También puedo recordar cada persona y por lo menos dos o tres características que los distinguen: la señora de avanzada edad que se sube a la mitad de mi viaje y siempre solicita auxilio para poder acomodar su bastón y lleva consigo un grande abrigo de lana de color vistoso; o el chico que tiene una abundante cabellera rubia y es de un color de piel pálido, que se sienta en alguna parte del piso, impidiendo el paso normal de las personas, y que siempre va absorto en su celular; y así, casi a los veinte pasajeros cotidianos. Me refiero a que estas personas vienen siempre a la misma hora y son conocidos aunque nunca me hayan dirigido la palabra, podría asegurar incluso que memorizo hasta las formas de manejar de cada conductor que ha tenido esta ruta.

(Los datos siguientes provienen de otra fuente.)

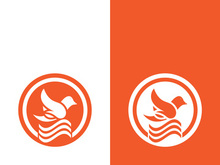 Dove bird logo vector design illustration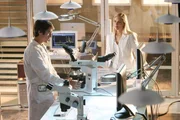 Calleigh Duquesne (Emily Procter) und Ryan Wolfe (Jonathan Togo) versuchen im Labor herauszufinden, womit Richard Laken erschlagen wurde.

Es un recorrido dicotómico, de la casa al trabajo y viceversa, no hay cambios, no sucede nada más allá de eso que tal vez un viernes con amigos de hace muchos años añorando y hablando de travesías de juventud. Esto lo pienso mientras voy irónicamente en el mismo viaje, mirando por el vidrio como es costumbre, pensando en mi niñez y viendo a las personas caminar con la mirada fija en sus móviles, sin parpadear, impertérritos a lo que sucede a su alrededor, no puedo dejar de sentirme identificado y a la vez consternado por esa sensación de familiaridad con semejantes autómatas.

Curiosamente recuerdo un árbol de la infancia, esto pasa siempre que estoy algo nostálgico; recuerdo un prominente cedro frente de aquella casa de infancia de mis padres

que se levantaba con una raíz formidable y que extendía sus hojas punzantes, dándole la típica forma cónica que brindaba una gran sombra a quienes se posaban a su alrededor. Para ese entonces era frecuente ver los árboles en las afueras de las reservas, o fuera de verjas que los aprisionan como ahora, había cientos de ellos entre los barrios y calles de la ciudad, eran cedros, pinos, caobas, sauces y robles viejos, ancianos supervivientes de muchas batallas progresistas.

Este cedro de la infancia me hace recordar la sensación de libertad, las hojas verdes que eran como adolescentes moviéndose al son del aire, cómo dando brincos de alegría por la vida misma, sin buscar explicaciones, cumpliendo su objetivo, o tal vez no lo tenían y su mera existencia era un revés de emancipación al raciocinio del hombre; o cuando sus hojas eran marrón, caían como plumas y zigzagueaban siendo esquivas con el aire, cómo rechazándolo, en otra muestra de libertad, no se encariñaban con su propia creación, no se apropiaban de nada, terminaban en el suelo, dejando huella y siendo abono de vida.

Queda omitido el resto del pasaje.